A few months ago 60 Minutes ran a piece on a group in New York called Gospel for Teens, a seat-of-the-pants non-profit that brings in teenagers and instills in them an appreciation for the tradition of Gospel Music. 60 Minutes must have known it was special. They ran it as a double-length vignette, something they seldom do.
It was an emotional story. The kids have compelling
stories. I’m sure the producers had to stop the cameras several times so Leslie Stahl could quit crying, get her make-up fixed, and get composed.
The results were predicable. Within a week The Chronicle of Philanthropy reported on how the phones are ringing off the book at the offices of Gospel for Teens. Money is pouring in from donors across the country.
Last week the Los Angeles Times ran an interview on their op-ed pages of an executive from KIVA, the microfinancing non-profit that takes in $25 donations from folks and then allows them to lend the money to third-world businesspeople and entrepreneurs. It’s all done over the Internet. The money is paid back and then you lend it out again. I’ve lent the same $25 out many times. I purchased purchased a goat in Africa, financed a shoe cobbler’s operation in the Balkans, and helped build a dance studio in Mongolia.

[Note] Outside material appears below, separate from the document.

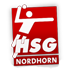 HSG Nordhorn Logo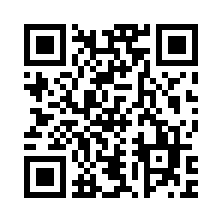 QR Code for 1384radgaKj9YYRavi1krHzBNGDwskowTR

The article reminded me that there was $50 sitting in my KIVA account, so my wife and I scrolled through the pages and found a deserving soul to lend it out to. As I was completing the process, I noticed that KIVA now has a Facebook logo that you can click and post to your wall that you just loaned the money out. Within a few hours two of my Facebook friends had also joined KIVA and lent out money for the first time.
I didn’t find any articles in the web talking about the spike in KIVA donations after the interview in the L. A. Times, but I’m willing to guess that it was substantial.
The key to both was that these two groups had a narrative—a story to tell—and they told it through public relations. That is why it is so important, as a business owner, a non-profit, an artist—whatever you are, to cultivate your narrative and understand how powerful the press is. You may not be able to get your company or non-profit highlighted on 60 Minutes, or get interviewed by the L. A. Times, but often times it’s the little stuff, the things that take some time, but pay off big.
Here’s what I would like to know about both stories. How long did it take the Mama Foundation, the organizers of Gospel for Teens, to cultivate that 60 Minutes story? How long was KIVA schmoozing the L.A. Times. Neither one of those stories happened overnight. They were part of a coordinated, strategic public relations story.
My guess is it took some time, at least months. But somebody stuck to it and didn’t give up. Good PR takes a good story, but it also takes persistence.